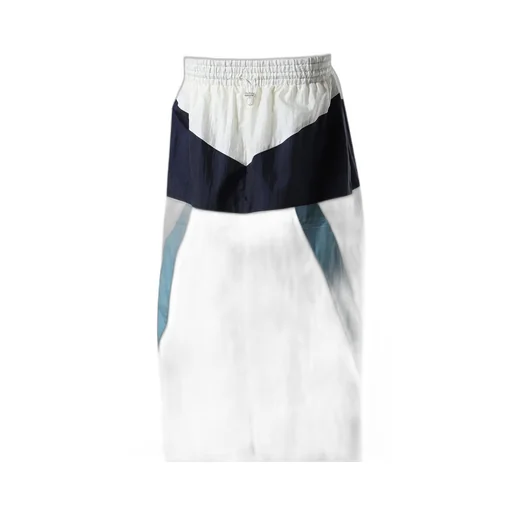 Tube Top Warming Up Suit / Wht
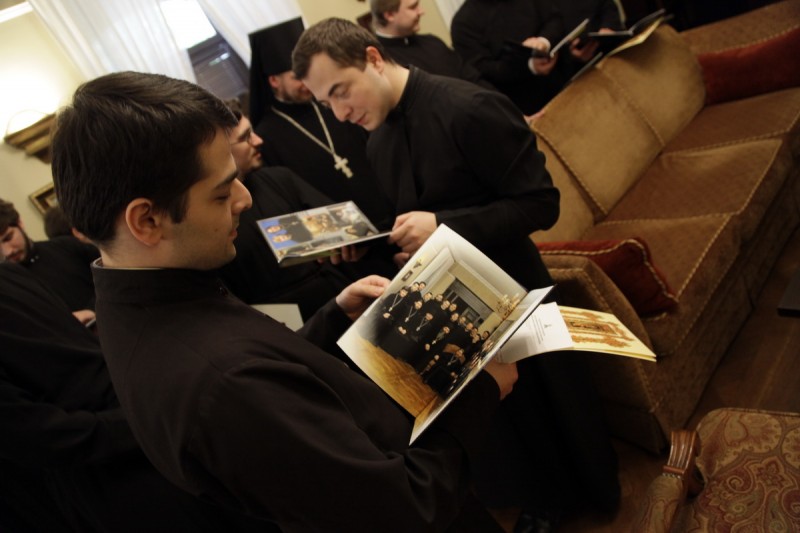 Праздник Владимирской иконы Божией Матери в Сретенском монастыре.  Фото: И. Правдолюбов / Православие.Ru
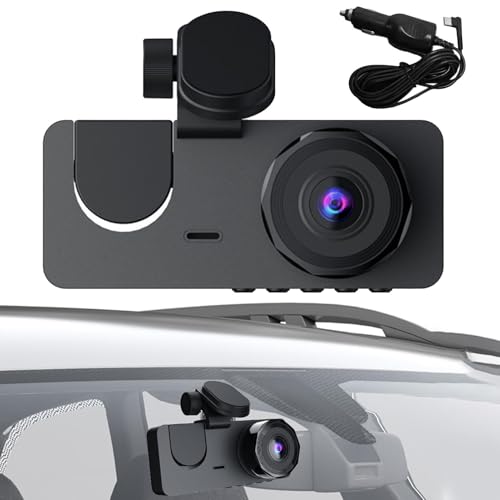 Grabadora de conducción de Alta definición, cámara de Coche para monitoreo de estacionamiento | Grabadora de conducción de visión Nocturna de Alta definición - Grabadora de conducción automática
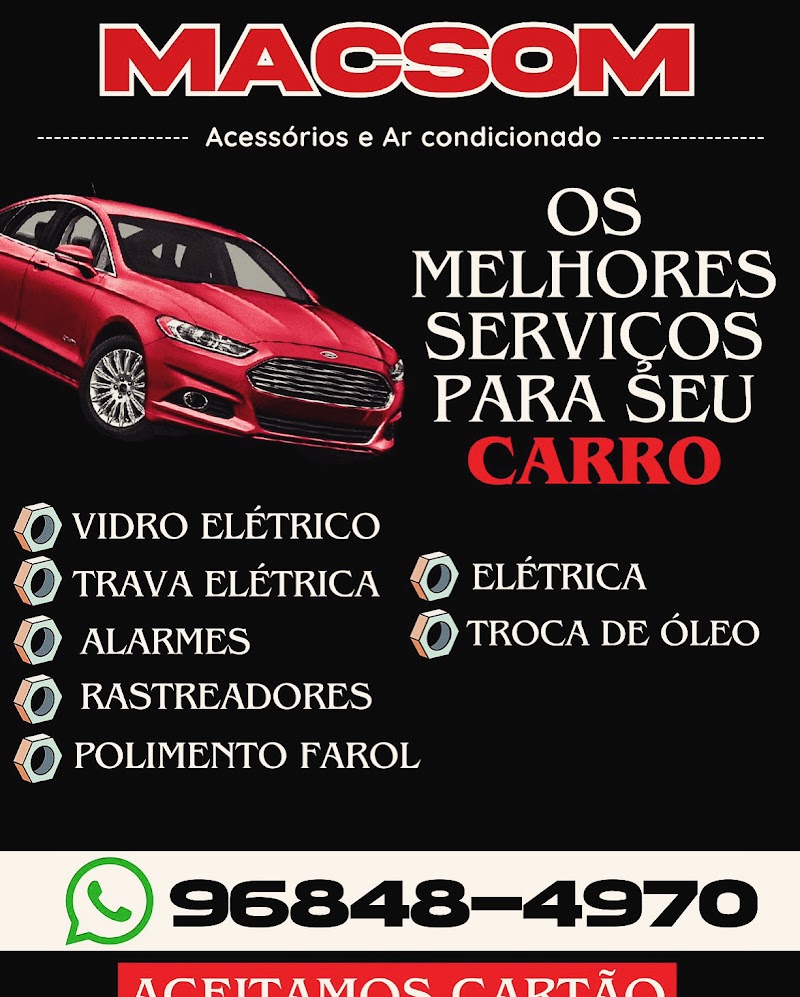 MACSOM acessórios ar condicionado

## ACTIVITY
Return an exact copy of the data above, apart from any pictures.

## RESULT OF THIS EXERCISE
 Tube Top Warming Up Suit / Wht
 Праздник Владимирской иконы Божией Матери в Сретенском монастыре.  Фото: И. Правдолюбов / Православие.Ru
 Grabadora de conducción de Alta definición, cámara de Coche para monitoreo de estacionamiento | Grabadora de conducción de visión Nocturna de Alta definición - Grabadora de conducción automática
 MACSOM acessórios ar condicionado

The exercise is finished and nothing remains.